Plot the $$S$$-value (Surprisal) function of the Brown et al. data with ggcurve()

ggcurve(data = curve1[], type = "s", measure = "ratio", nullvalue = c(1),
title = "S-value (Surprisal) Function",
subtitle = "S-Values (surprisals) for a range of hazard ratios (HR)",
xaxis = "Hazard Ratio", yaxis1 = "S-value (bits of information)") +
theme(plot.title = element_text(size = 12),
plot.subtitle = element_text(size = 11),
axis.title.x = element_text(size = 12),
axis.title.y = element_text(size = 12),
text = element_text(size = 11)) which is quite close to the figure from our paper. ## Likelihood (Support) Functions

Here we provide the code to show how we constructed the likelihood functions from our paper, which are the supplementary figures found here (S1) and here (S2).

Calculate and Plot Likelihood (Support) Intervals.

Here we use the reported estimates to construct the $$Z$$-scores and standard errors, which are in turn used to compute the likelihoods.

hrvalues <- seq(from = 0.65, to = 3.98, by = 0.01)

se <- log(2.59 / 0.997) / 3.92

zscore <- sapply(hrvalues, function(i) (log(i / 1.61) / se))

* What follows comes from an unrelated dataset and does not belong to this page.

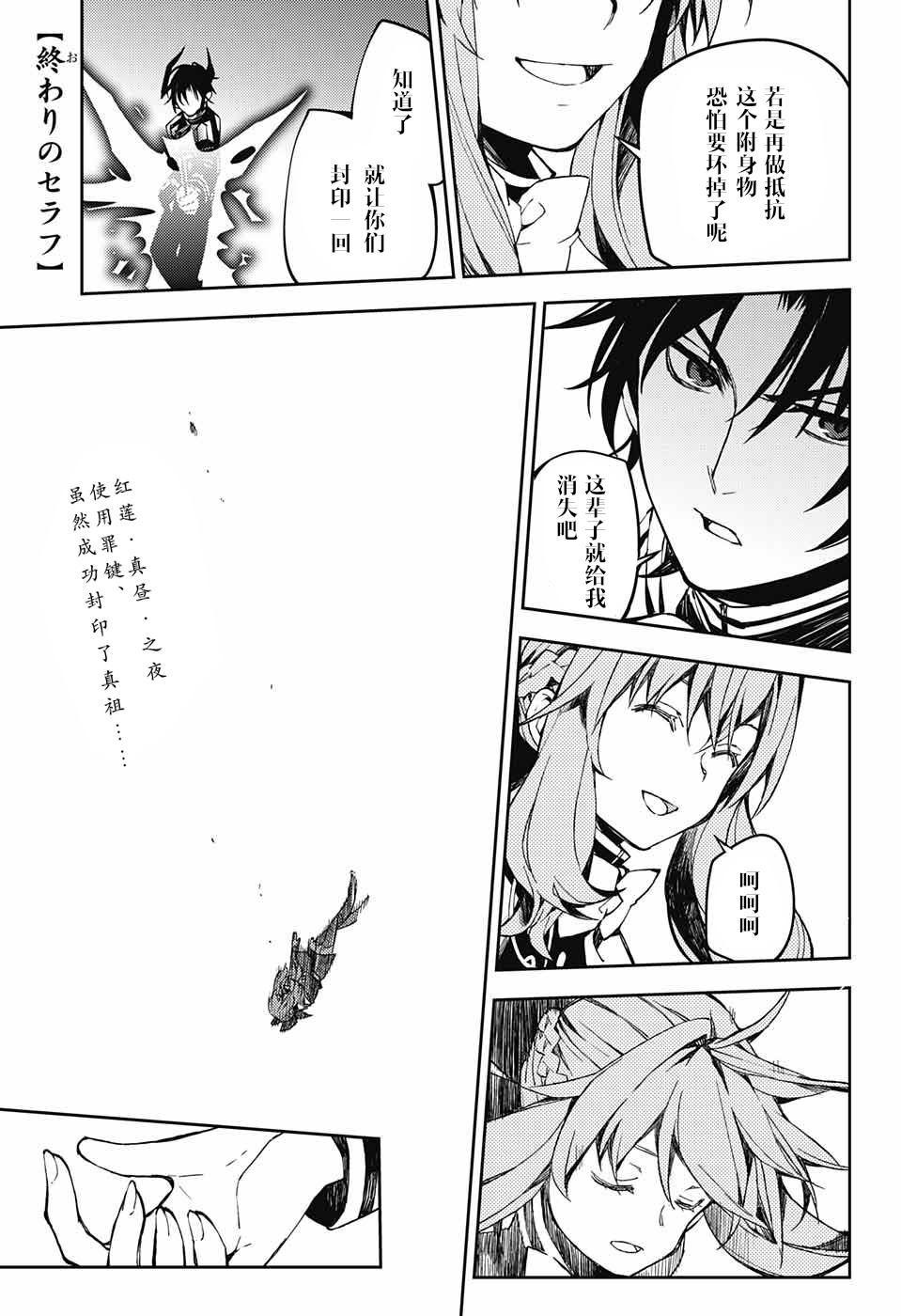 终结的炽天使漫画,第85话 成对的实验体2图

## Figure S1: Relative Likelihood Function

We then standardize all the likelihoods by their maximum at the likelihood function,17 to produce relative likelihoods, likelihood intervals, and their corresponding relative likelihood function.18

support <- exp((-zscore^2) / 2)

likfunction <- data.frame(hrvalues, zscore, support)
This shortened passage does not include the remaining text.